[PORTAL-ISLAM.ID] Sikap Prabowo menemui Jokowi hari ini melahirkan dua sisi persepsi. Pujian dan cercaan. Ada yang bilang Prabowo sosok negarawan, ada juga yang menuding Prabowo melakukan pengkhianatan. Sosmed dan WAG ramai bahas beginian.
Saya tidak mau larut dalam perdebatan. Karena sepak terjang dan sejarah Prabowo cukup bisa menjadi rujukan dan jawaban.
Prabowo pernah dituding sebagai penculik dan pelanggar HAM. Padahal Prabowo hanya mengamankan sejumlah orang atas perintah atasan. Semua yang diamankan masih hidup hingga saat ini. Jenderal lain buang badan, Prabowo nekat pikul beban. Diberhentikan dari kesatuan dan hidup dengan bayang-bayang hujatan dia terima dengan penuh ketegaran.
Hingga akhirnya masyarakat mengerti kondisi sebenarnya. Prabowo bukan figur seperti yang dituduhkan. Bahkan, beberapa dari mereka yang menjadi korban pun akhirnya memilih berjuang bersama Prabowo.
Prabowo pernah dituding menyakiti perasaan para kader dan loyalis Gerindra saat mengusung Anies Baswedan. Orang yang pernah menjadi lawan terdepan seketika diberi tiket meraih kekuasaan. Tanpa mahar, yang ada dia keluar banyak uang.
Setelah Anies menang, Prabowo tidak pernah minta proyek atau jatah anggaran. Prabowo melarang Anies kampanye Pilpres agar tetap fokus memikirkan warga metropolitan. Keuntungan mendukung Anies tak dia pikirkan, yang penting masyarakat Ibu Kota terpuaskan.
Prabowo pernah dituding menyakiti perasaan umat karena tak menuruti cawapres hasil ijtima ulama. Salim Segaf dan Abdul Somad yang disarankan, tetapi Sandiaga Uno yang dia tetapkan. Prabowo dituduh tak taat ulama dan mengabaikan hasil ijtima.

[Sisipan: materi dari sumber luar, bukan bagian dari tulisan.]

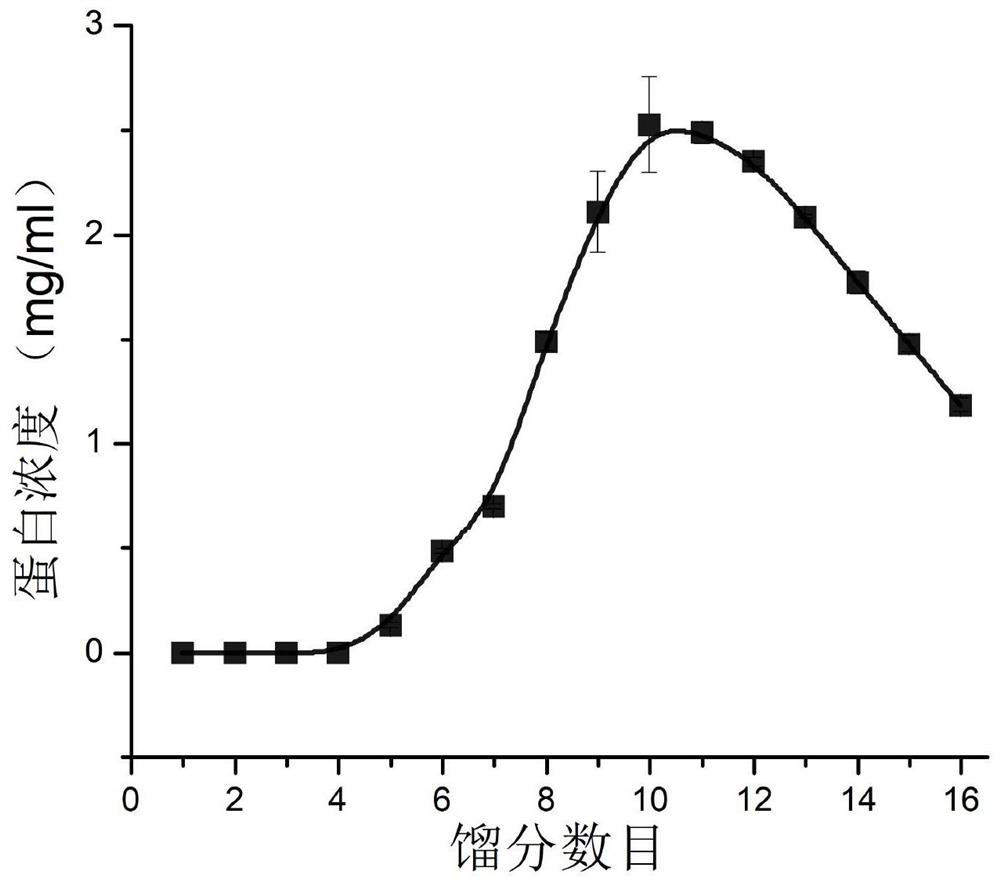 Rapid and high-purity separation method of human plasma exosome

Hingga akhirnya kita tahu bahwa Prabowo tak mau umat Islam terpecah belah. Sebab, cawapres berlatar belakang ulama sudah diusung oleh calon sebelah. Dia pilih anak muda yang enerjik, sukses dan religus sebagai solusi. Dengan cara itu Prabowo memuliakan agama dan ulama.

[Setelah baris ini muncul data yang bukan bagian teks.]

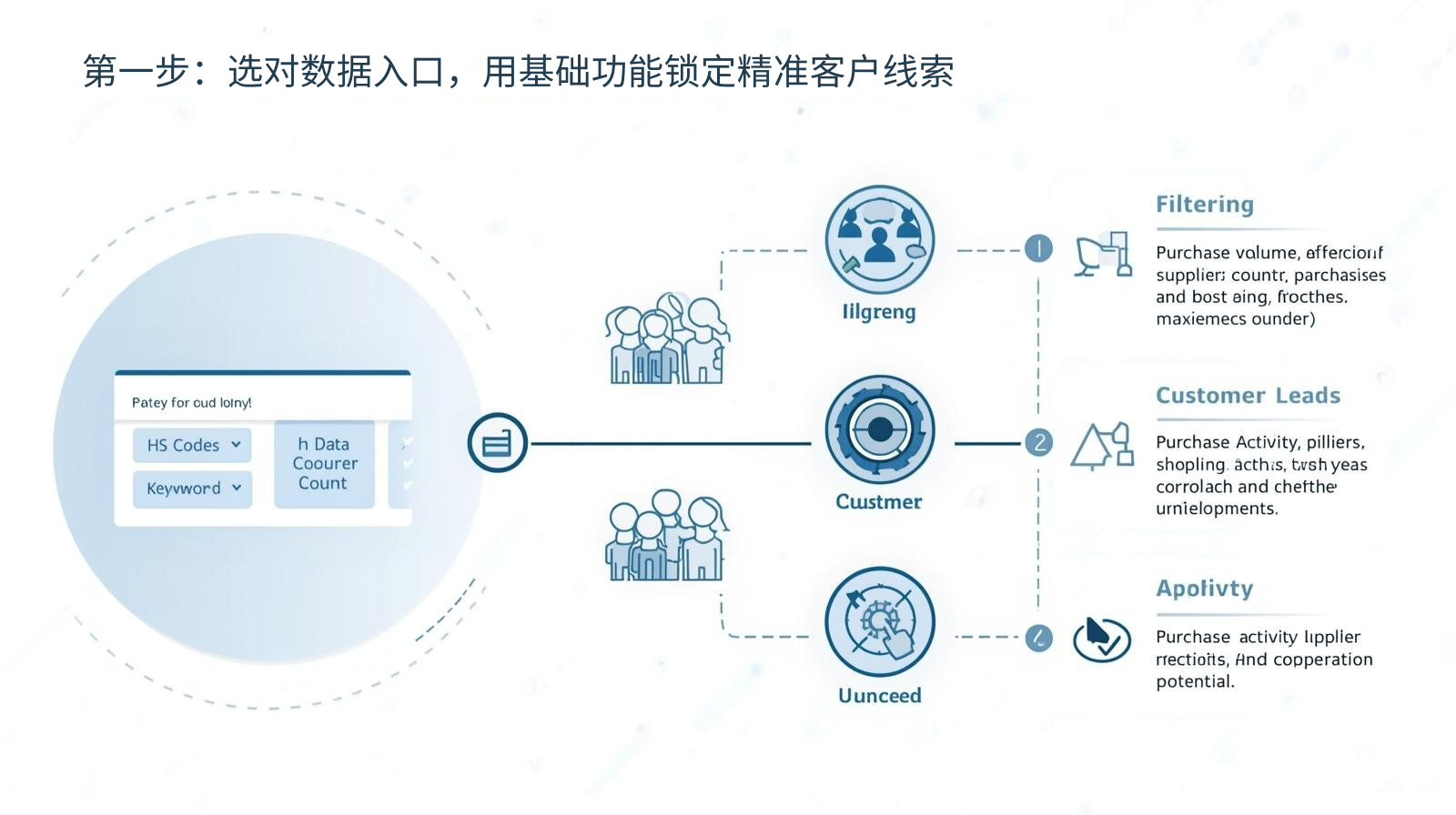 第一步：选对数据入口，用基础功能锁定精准客户线索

Prabowo pernah dituding mendukung sistem khilafah. Akibatnya, suara dia dan Gerindra rontok di daerah kalangan minoritas. Padahal, dia lahir dari keluarga yang plural. Dia sudah bersumpah untuk setia kepada negara dan Pancasila sejak masih belia.
Prabowo pernah dituding mempolitisasi suasana duka saat menemui SBY untuk berbela sungkawa. Politisi, pengamat, media dan buzzer kompak memframing Prabowo sebagai orang yang tak beretika. Padahal Prabowo hanya berbicara apa adanya, sesuai dengan cerita yang disampaikan pihak tuan rumah.
Dan hari ini, investasi caci maki serta fitnah pun bertambah. Tudingan pengkhianat dilontarkan segelintir orang. Tanpa mereka tahu, apa maksud Prabowo melakukan semua ini.
Itulah Prabowo. Orang yang sudah sangat akrab dengan bully dan caci maki. Parahnya lagi, Prabowo tidak pernah emosi dan baper menyikapi semua ini. Demi masa depan negeri, dia tempatkan reputasi diri di zona degradasi.
Saya percaya Prabowo. Saya akan terus berjuang bersama Prabowo. Bukan karena dia orang suci, tapi karena dia orang yang bisa menempatkan persoalan negeri di atas kepentingan pribadi.
Saya juga berusaha mengerti dan memahami pihak-pihak yang melontarkan caci maki. Sah-sah saja, ini negara demokrasi. Biarlah waktu menjawab dan sejarah mencatat, apakah Prabowo seorang patriot yang mencintai negeri, atau pengkhianat seperti yang mereka tuduhkan.
Lanjutkan Jenderal. Kami tegak lurus. Kami sami’na wa atho’na.